Dans un numéro des Temps modernes (saisi à l’imprimerie), l’éditorialiste accuse le préfet de police : « Avec Papon nous n’avons plus que le visage nu de la haine raciste. Du ghetto au couvre-feu, des raids de harkis au lynchage organisé, une logique infernale l’a conduit à ce soir du 17 octobre. Alors, froidement, délibérément, il a donné le signal du pogrom, il a couvert la ratonnade : il a lâché ses flics sur les Algériens comme on lâche les chiens dans la curée. Mais du coup, il est allé trop loin et la situation se renverse. Entre ces policiers bottés, casqués, mitraillette au poing, la matraque levée, hurlant des injures, et ces hommes droits sous les coups, dont les frères tiennent en échec depuis sept ans la plus puissante armée coloniale des temps modernes, il n’était pas besoin d’hésiter longtemps cette nuit-là, pour savoir qui était vainqueur. Soudain s’étalait en pleine rue, au cœur de la capitale, ce que dissimulait jusqu’alors l’ombre des commissariats et des caves » (in Vérité Liberté n°13).

« La manifestation algérienne a été pour beaucoup et même jusque dans la classe ouvrière le révélateur d’un racisme latent », écrit le journal Vérité Liberté qui cite les propos d’un conseiller municipal de Paris qui préconisa « le rembarquement de tous les Algériens dans des ba-teaux », précisant « quant au problème de couler les bateaux, ce n’est pas du ressort du conseil municipal ». L’élu ne sera pas pour autant inquiété pour un tel appel au meurtre.

Nassim AMEUR

Le PS demande une reconnaissance officielle par la France

Le Parti socialiste (PS) a demandé hier que la France reconnaisse officiellement les « évènements tragiques » du 17 Octobre 1961 à Paris, durant lesquels des centaines d’Algériens ont été tués pour avoir manifesté pacifiquement contre le couvre-feu discriminatoire qui leur a été imposé quelques jours auparavant par le préfet d’alors, Maurice Papon. « Le Parti socialiste demande que la France reconnaisse officiellement ces événements tragiques et facilite l’accès aux archives pour les historiens, dans un esprit de justice et de vérité », indique un communique du PS, signé par le premier secrétaire du Parti par intérim, Harlem Désir, et le secrétaire national à la coopération, à la francophonie, à l’aide au développement et aux droits de l’homme, Pouria Amirshahi.

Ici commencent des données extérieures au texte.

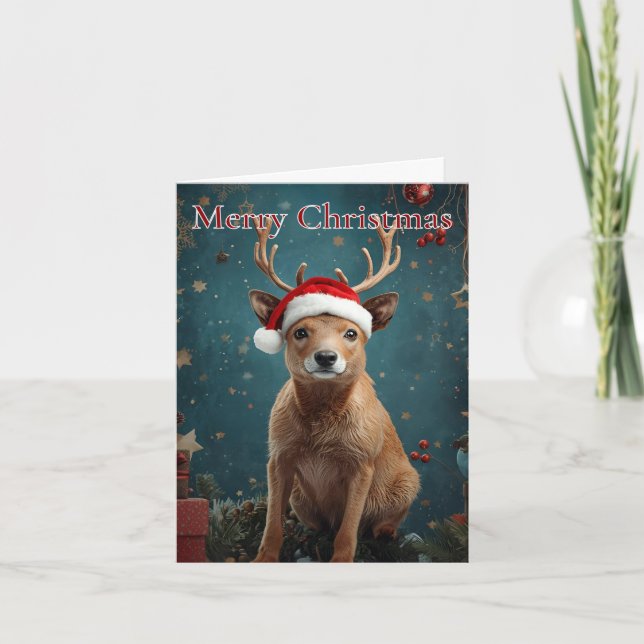 Carte de Noël Joyeux Noël Renne (Devant)
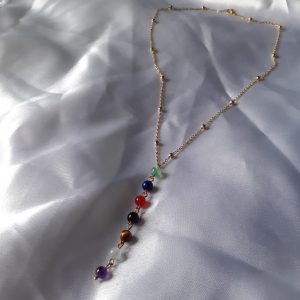 Collier 7 chakras pendentifs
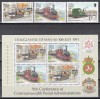 Isle of Man 1991 - Tramvaie și trenuri de epocă, Valori noi, Serie + Bloc, SET COMPLET, MNH, Nestampilat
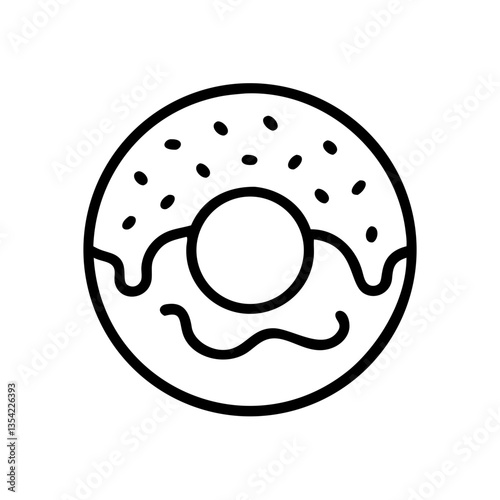 Classic donut icon with sprinkles and icing  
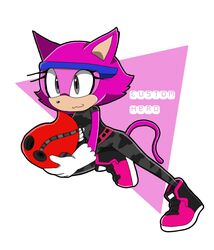  2017 :3 anthro big_head biped black_clothing black_footwear black_shoes bodysuit clothing custom_character_(sonic_forces) digital_media_(artwork) domestic_cat english_text eyewear felid feline felis female footwear fuchsia_the_cat fur gloves grey_eyes handwear hi_res holding_object holding_weapon mammal multicolored_clothing multicolored_footwear multicolored_shoes pink_body pink_clothing pink_footwear pink_fur pink_shoes sega shoes simple_background skinsuit solo sonic_forces sonic_the_hedgehog_(series) sonicsky2337 text tight_clothing toony weapon white_background white_clothing white_gloves white_handwear wispon 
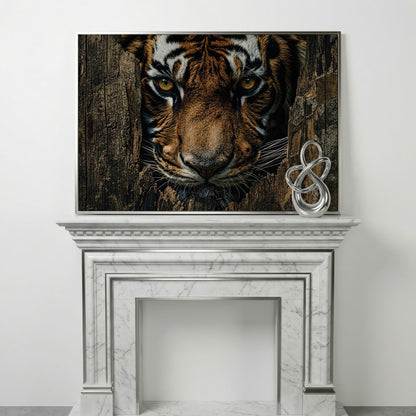Bengal Tiger Close-Up Canvas Art, Peering Through Aged Wood in silver floating frame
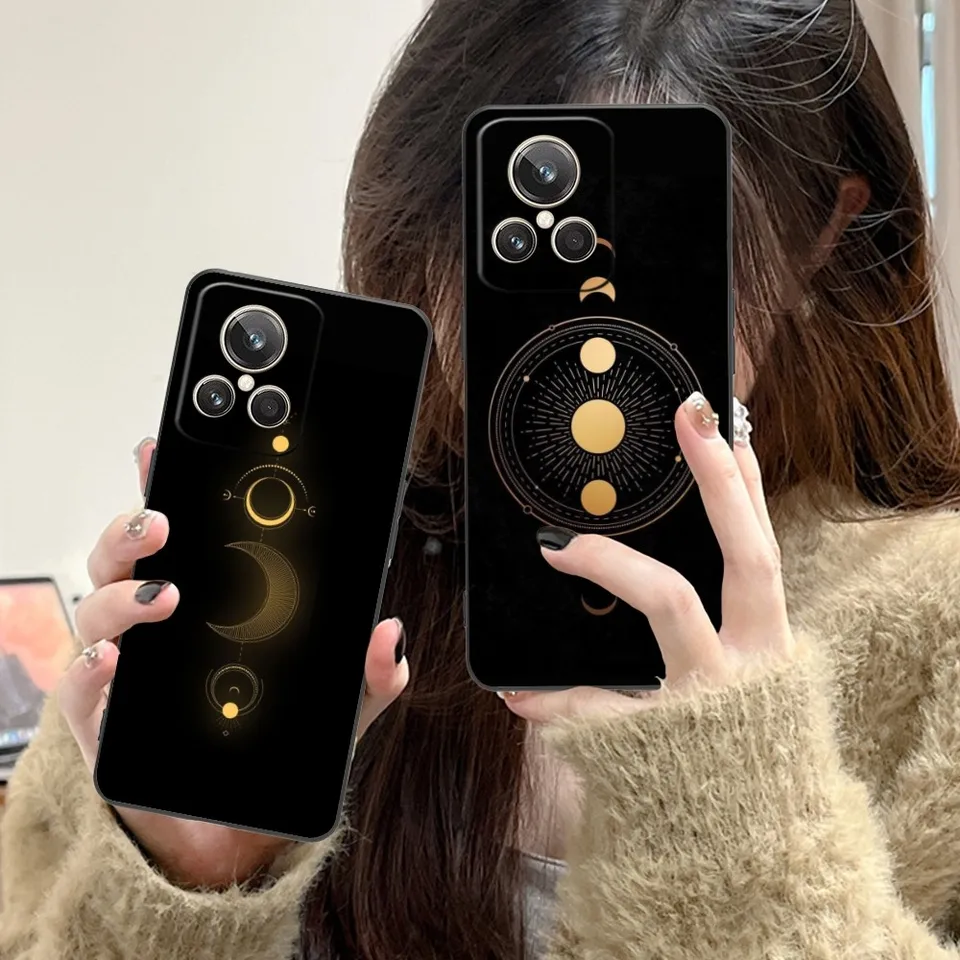 Sun Cool Moon mobilný mobilný mobilný telefón pre Realme GT 2 9i 8i 7i Pro X50 x2 C25 C21 C20 C11 C1 C3 Black Soft Phone Cover Funda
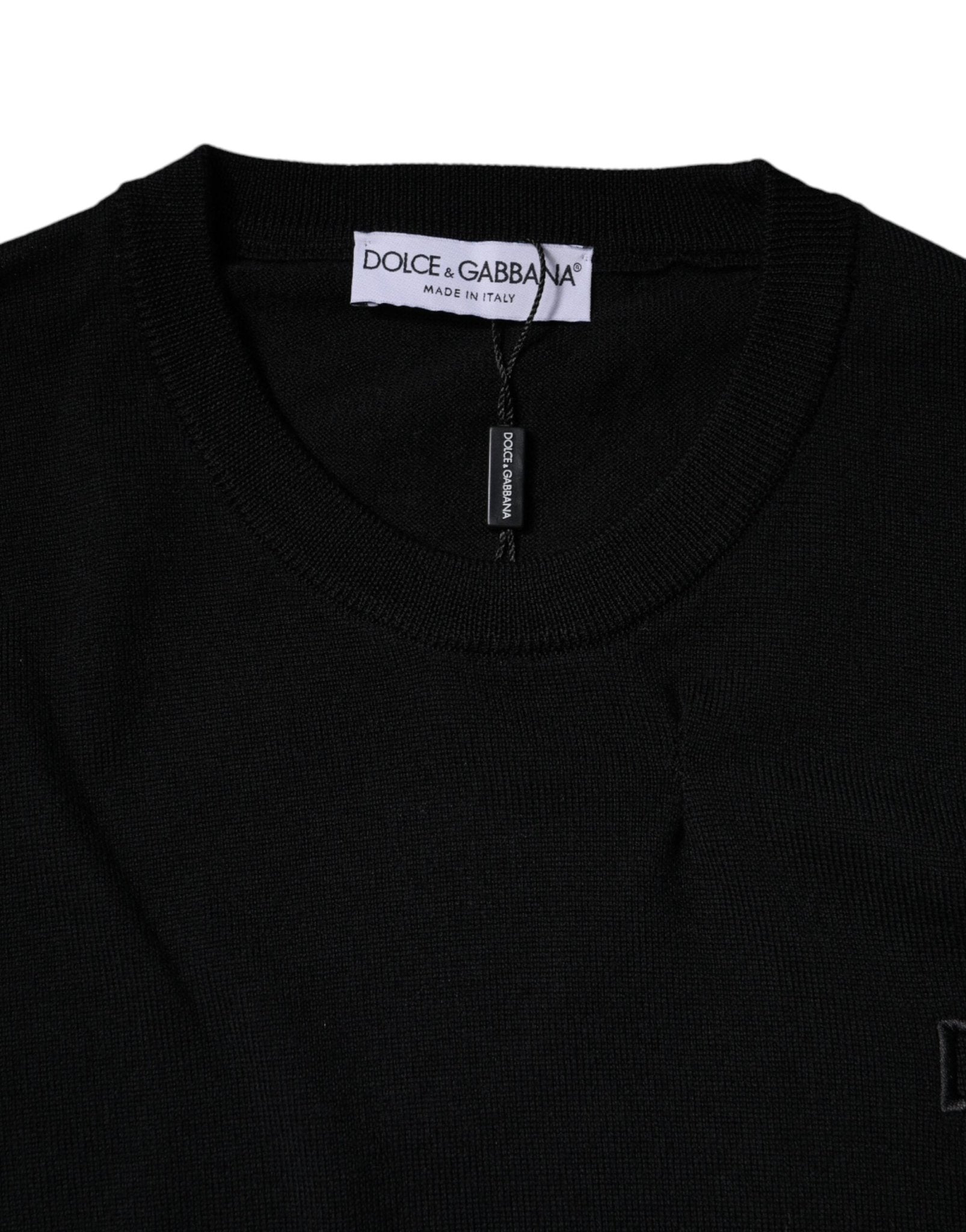 Dolce & Gabbana Black Logo Wool Crew Neck Pullover Sweater - RIMODA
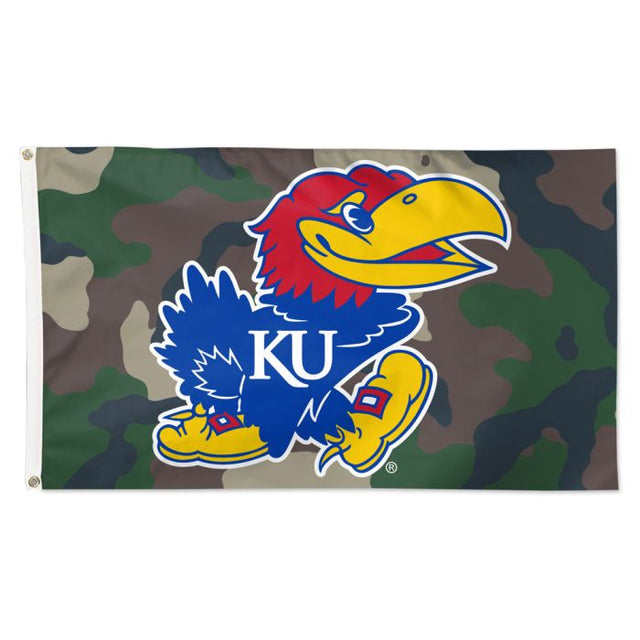 Bandera camuflada de los Kansas Jayhawks: Deluxe, 3 x 5 pies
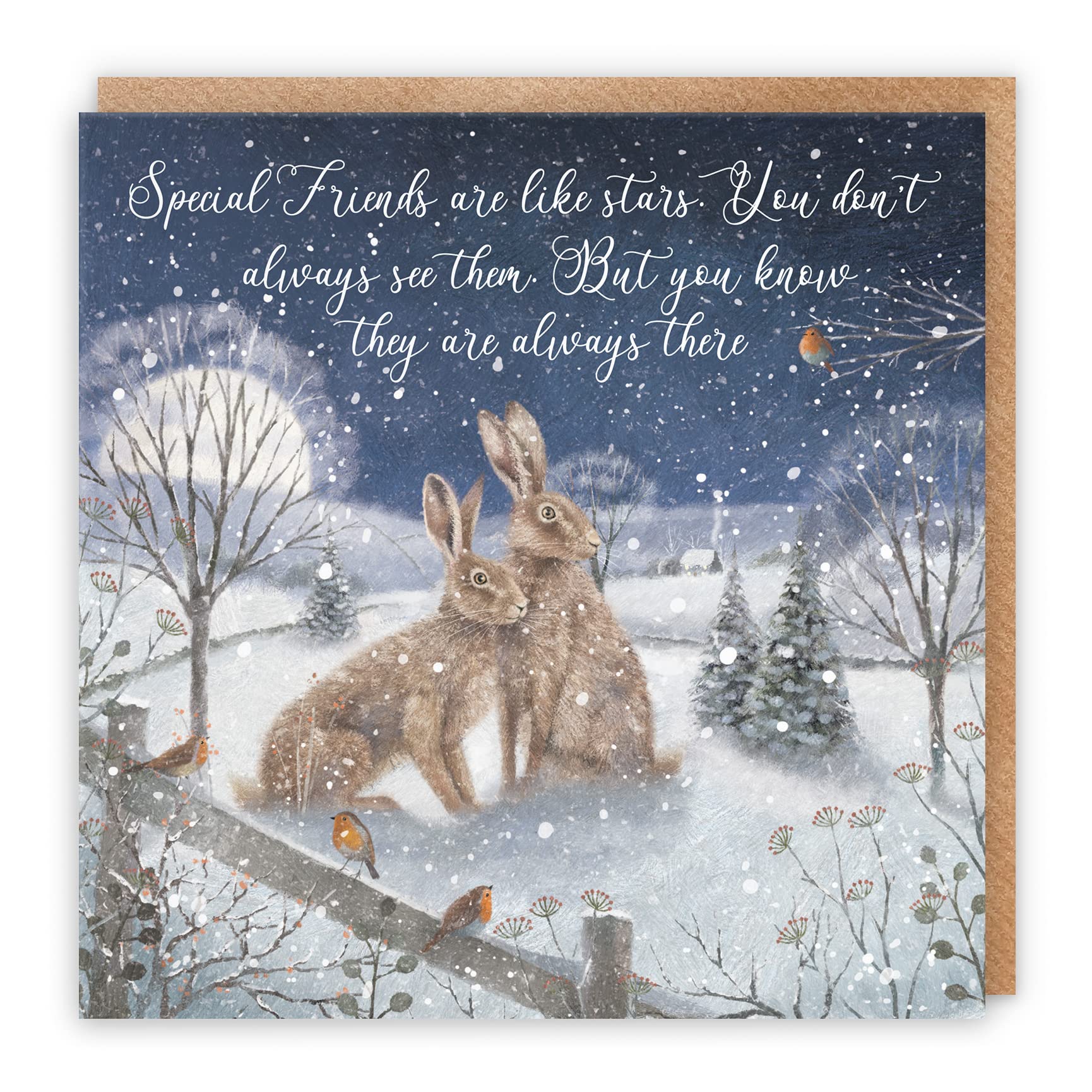 Hunts England - Special Friends Are Like Stars Christmas Card - 'Christmas Eve' - Milo's Gallery Collection - Beautiful Friendship Verse - For Him, Her, Men, Women, etc.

Le PS rappelle qu’il y 50 ans, les forces du préfet de police Maurice Papon « réprimaient avec une brutalité injustifiée et meurtrière une manifestation pacifique d’Algériens défendant le droit à l’égalité et l’indépendance de l’Algérie », ajoutant que le bilan fut « dramatique : plusieurs milliers d’arrestations, plusieurs centaines de morts noyés dans la Seine ou frappés à mort ». « Cette page sombre de notre histoire a longtemps été ignorée ou masquée. Il est aujourd’hui temps que notre pays reconnaisse ces faits et que les responsabilités dans les violences commises soient établies et reconnues. Il est temps pour notre pays de rendre hommage à ces victimes et à leur mémoire », indique-t-il. Pour le deuxième parti politique en France, cette reconnaissance « permettra enfin d’avancer réellement vers la pleine réconciliation entre les peuples français et algérien, essentielle pour bâtir de nouvelles relations tournées vers notre avenir commun ».